We believe the performance issues relate to the myriad Hibernate queries that are required to create blocks of potential pairs. For example, if the patient table contains 4,500 unique SSN's, then 4,500 different Hibernate queries must be called to create potential pairs where SSN's match.
To minimize the number of Hibernate queries, the batch de-duplication process first examines the following tables: person, patient, patient_identifiers and person_attributes. A "flat", non-normalized table is then created with all fields from the above 4 tables.
All further analyses and scoring are performed against the flat, non-normalized table.
Recent timing test found that 10,000 patients could be extracted and stored in the the flat table in about 20 minutes, a rate of about 9 patients extracted from OpenMRS per second.
Once extracted from OpenMRS, analyzing and scoring the flat table took about 20 seconds. (SSN was the blocking variable and email/SSN were the include variables)
Next Steps Include:
1. Verify that the module can handle multiple blocking runs, and will join the multiple runs appropriately for the human readable report.
2. Verify that the current patient extraction process execution time increases linearly with the number of patients. We need to load 20-40,000 patients into OpenMRS and measure how long it takes to extract patients into a flat table. If time is not linear, we will need to consider other optimizations.
3. Create blocking runs that use neither patient_identifiers table nor the person_attributes table and measure how long these take to complete. I suspect that the "stacked" nature of these tables impacts efficiency.
4. Examine which specific tasks in the data extraction process are taking up time. To do so, we discussed the following approach:
- Comment out PatientToRecord method. Comment out SQL INSERT statement to load record into flat table. Measure how long it takes to iterate thru all Patients.
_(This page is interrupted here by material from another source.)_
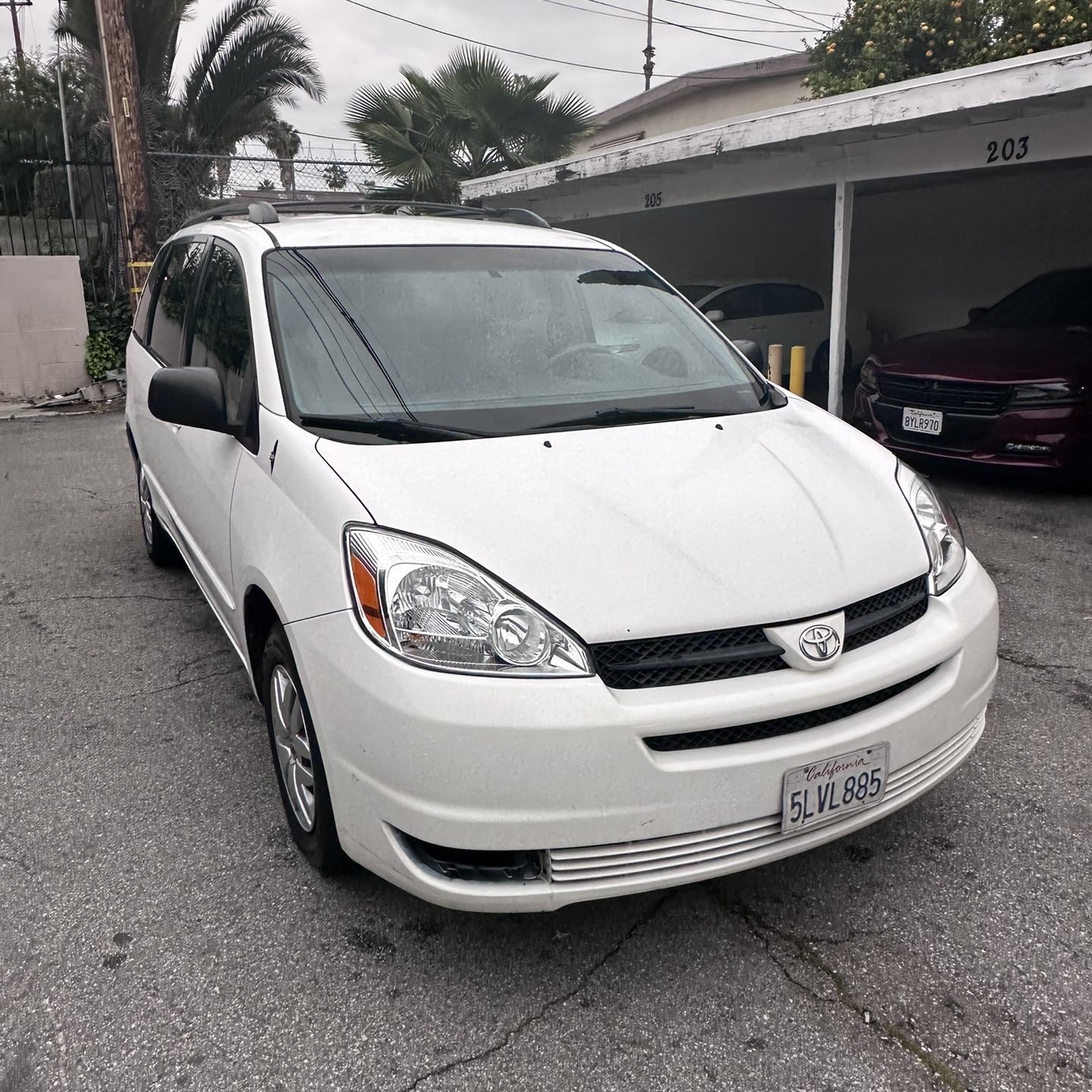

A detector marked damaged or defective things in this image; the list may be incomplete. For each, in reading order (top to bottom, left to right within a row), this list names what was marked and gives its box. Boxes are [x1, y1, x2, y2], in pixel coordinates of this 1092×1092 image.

crack in pavement [397, 891, 676, 1087]
crack in pavement [725, 895, 965, 1092]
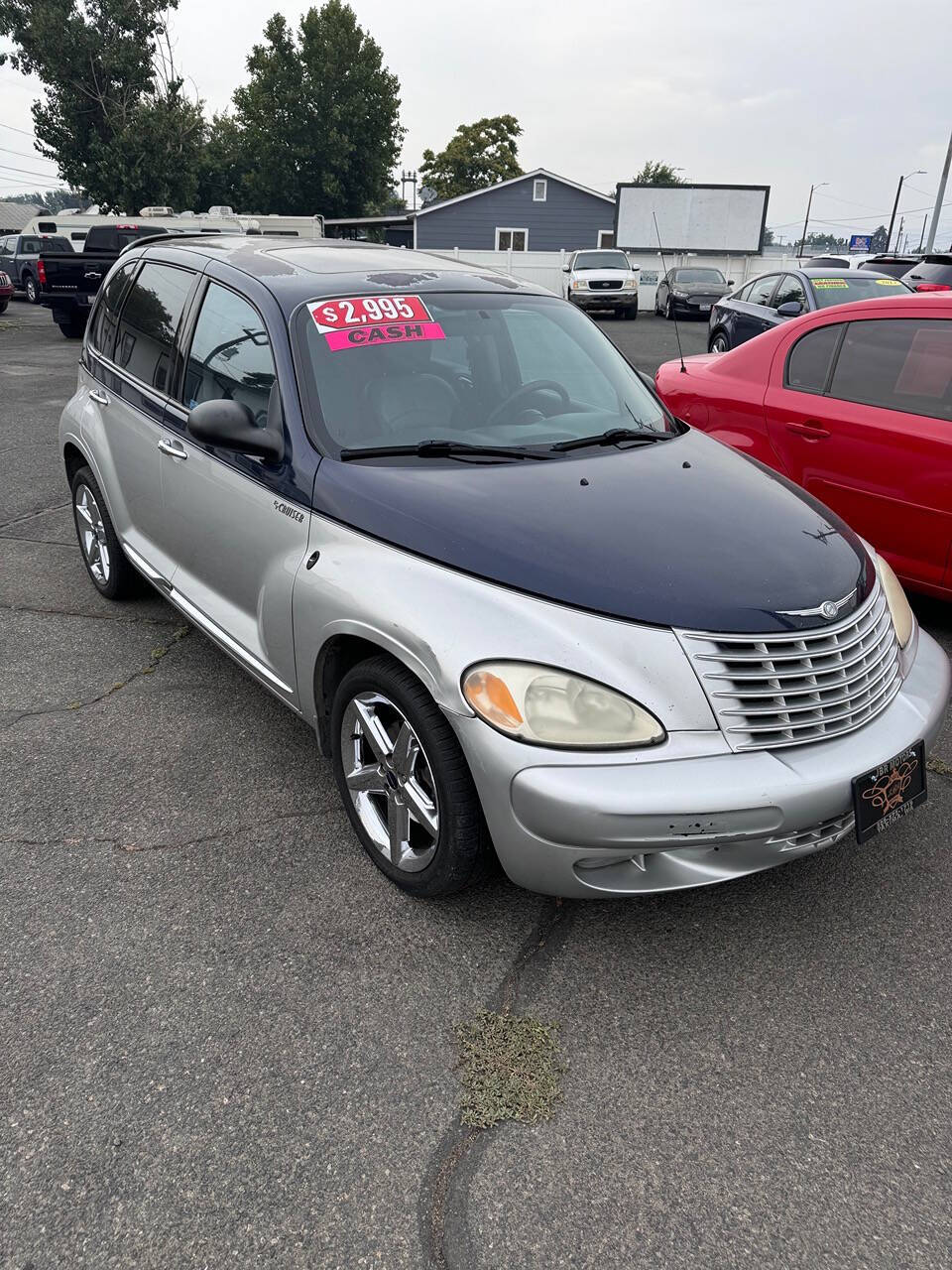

- Access only 1 or 2 properties in PatientToRecord. Comment out SQL INSERT statement to load record into flat table. Measure how long it takes to iterate thru all Patients.
- Fully execute the PatientToRecord method. Comment out SQL INSERT statement to load record into flat table. Measure how long it takes to iterate thru all Patients.
6. We need to create two separate modules for each distinct linkage process: One for the batch duplication use-case, and one for the real-time matching use case (NBS). We envision creating a common package of linkage utilities that can be re-used in both modules.